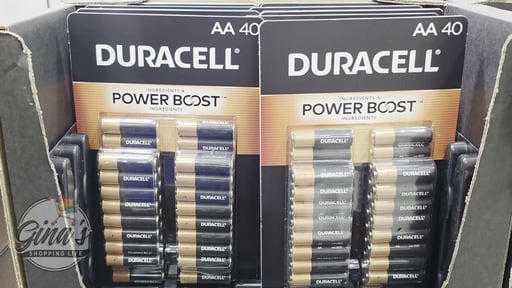 Duracell Power Boost Alkaline AA Batteries 40-Pack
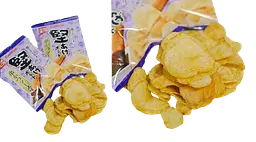 Японські чіпси Calbee Kata-age Potato Chips Kushikatsu Sauce 15г - мініатюра 3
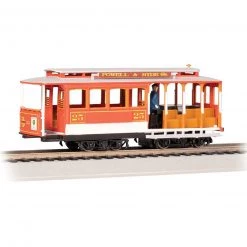 Bachmann Industries HO CABLE CAR RED & GRAY #25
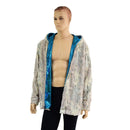 Mens Minky Faux Fur Hooded Jacket - Coquetry Clothing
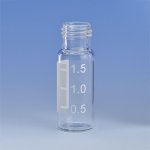 (image for) Vial 1.8mL Clear Screw Cap 9mm Patch (100pk)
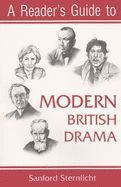Portada de A Reader's Guide to Modern British Drama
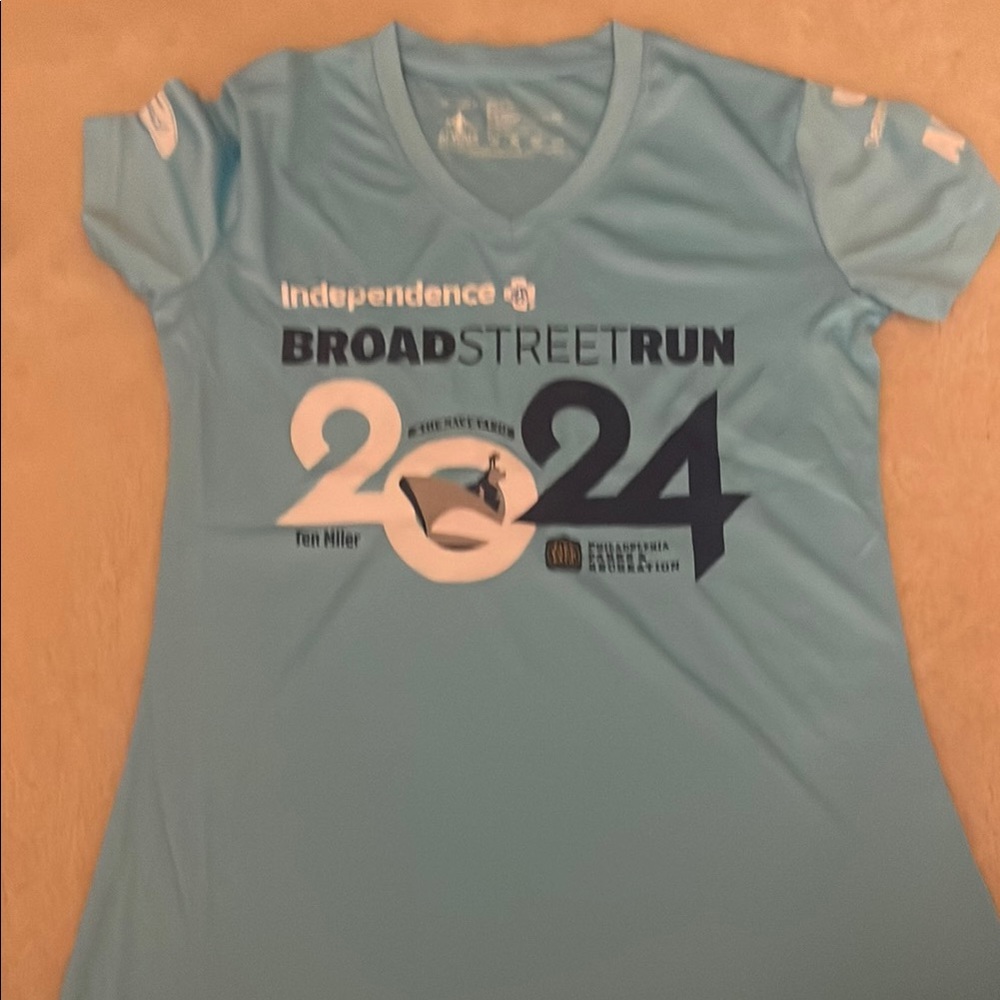 Broad Street Run 2024 Blue T-Shirt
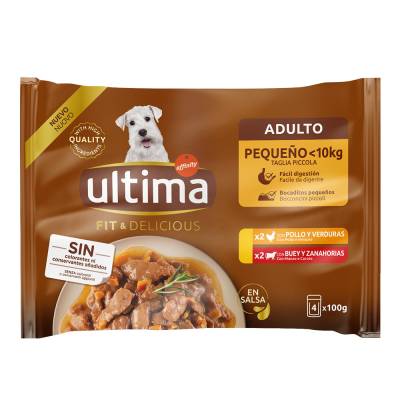 Ultima Fit & Delicious Mini Hund Adult 44 x 100 g - Huhn & Rind von Affinity Ultima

* * * *

Leaving out the pictures, repeat the data above exactly.

● EXERCISE RESPONSE
 Duracell Power Boost Alkaline AA Batteries 40-Pack
 Японські чіпси Calbee Kata-age Potato Chips Kushikatsu Sauce 15г - мініатюра 3
 Bachmann Industries HO CABLE CAR RED & GRAY #25
 Mens Minky Faux Fur Hooded Jacket - Coquetry Clothing
 (image for) Vial 1.8mL Clear Screw Cap 9mm Patch (100pk)
Portada de A Reader's Guide to Modern British Drama
 Broad Street Run 2024 Blue T-Shirt
 Ultima Fit & Delicious Mini Hund Adult 44 x 100 g - Huhn & Rind von Affinity Ultima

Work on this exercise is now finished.